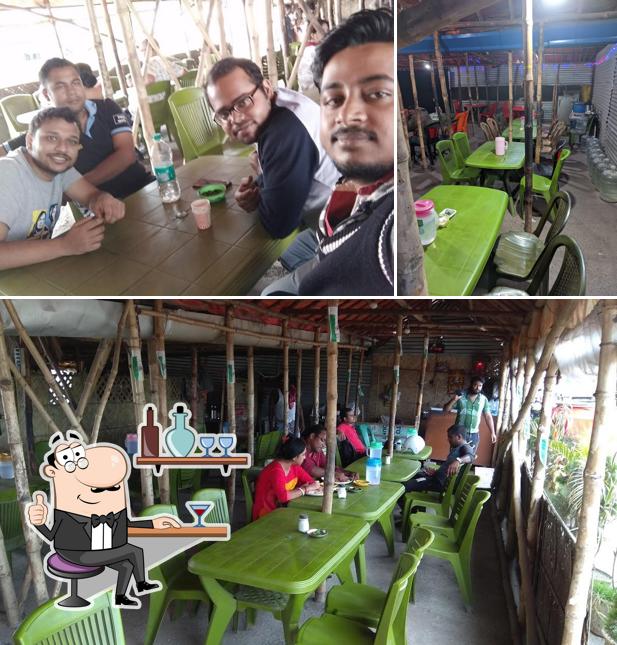 The interior of BINDAS DHABA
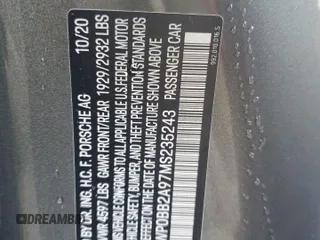 2021 Porsche 911 4S with VIN WP0BB2A97MS235243, listed as a Copart auction lot 74119614 with 0 mi miles and Salvage Title. Bid and sale history available at carsss.com. Image 13.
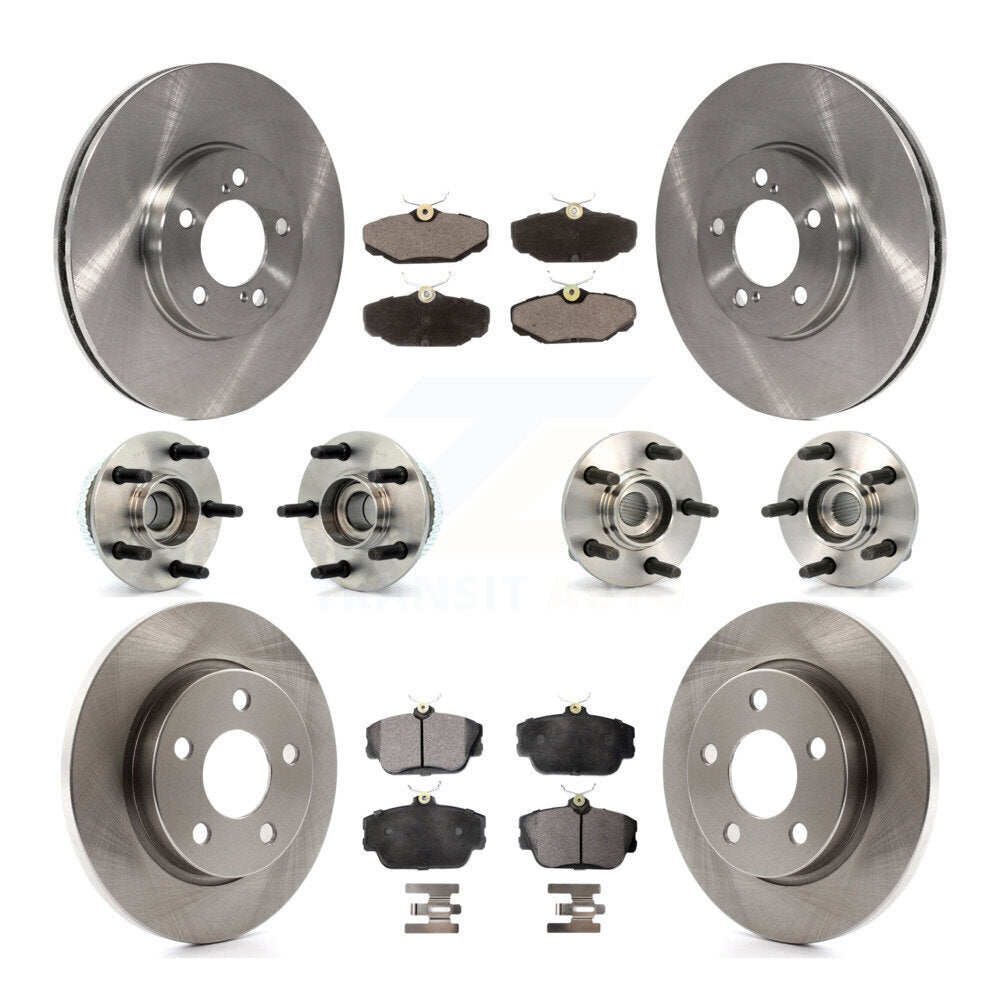 Kit de plaquettes de Rotor de frein, roulement de moyeu avant et arrière (10 pièces) pour Ford Taurus Lincoln Sabl
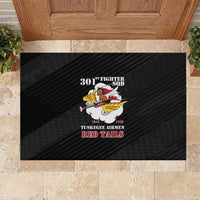 Tuskegee Airmen Red Tails Rubber Doormat 301st Fighter Squadron - Black - Wonder Print Shop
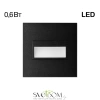 Citilux Скалли CLD007K5 LED Встраиваемый светильник лестничный Чёрный CITILUX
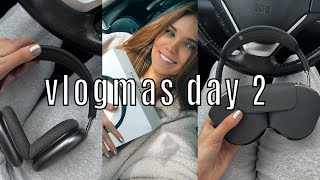 AIRPOD MAX UNBOXING | VLOGMAS DAY 2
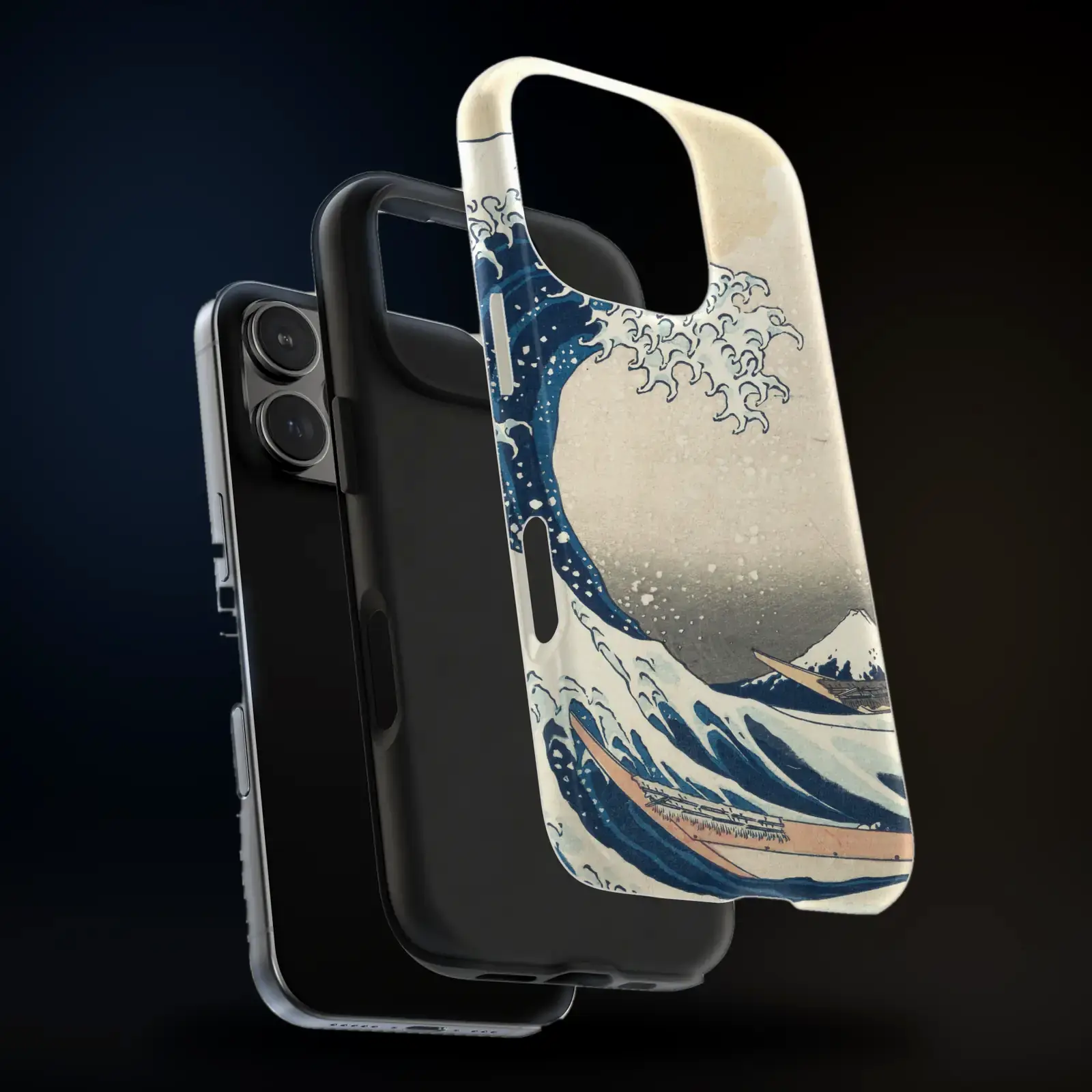 The Great Wave off Kanagawa by Katsushika Hokusai, printed on a phone case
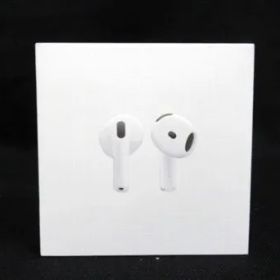 アップル Apple エアポッズ AirPods4 ワイヤレスイヤホン MXP63J/A 未開封品 ■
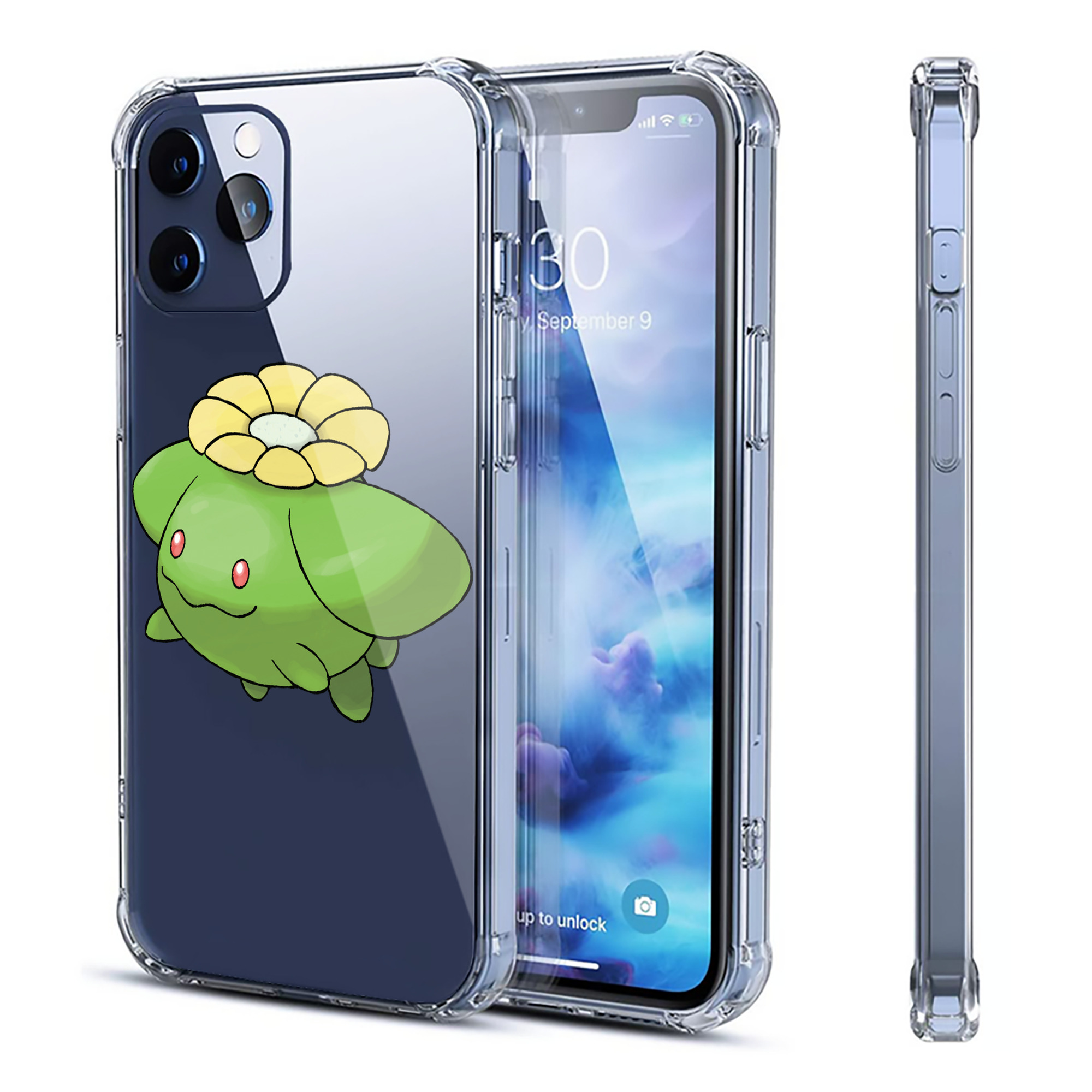 （画像用） ポケットモンスター Pokémon 【iPhone 12シリーズ対応】透明スマホケース（クリアソフトケース）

What you need to do => When you write out the material, reproduce each line exactly and omit any picture it holds.

Answer area =>
 The interior of BINDAS DHABA
 2021 Porsche 911 4S with VIN WP0BB2A97MS235243, listed as a Copart auction lot 74119614 with 0 mi miles and Salvage Title. Bid and sale history available at carsss.com. Image 13.
 Kit de plaquettes de Rotor de frein, roulement de moyeu avant et arrière (10 pièces) pour Ford Taurus Lincoln Sabl
 Tuskegee Airmen Red Tails Rubber Doormat 301st Fighter Squadron - Black - Wonder Print Shop
 Citilux Скалли CLD007K5 LED Встраиваемый светильник лестничный Чёрный CITILUX
 AIRPOD MAX UNBOXING | VLOGMAS DAY 2
 The Great Wave off Kanagawa by Katsushika Hokusai, printed on a phone case
 アップル Apple エアポッズ AirPods4 ワイヤレスイヤホン MXP63J/A 未開封品 ■
 （画像用） ポケットモンスター Pokémon 【iPhone 12シリーズ対応】透明スマホケース（クリアソフトケース）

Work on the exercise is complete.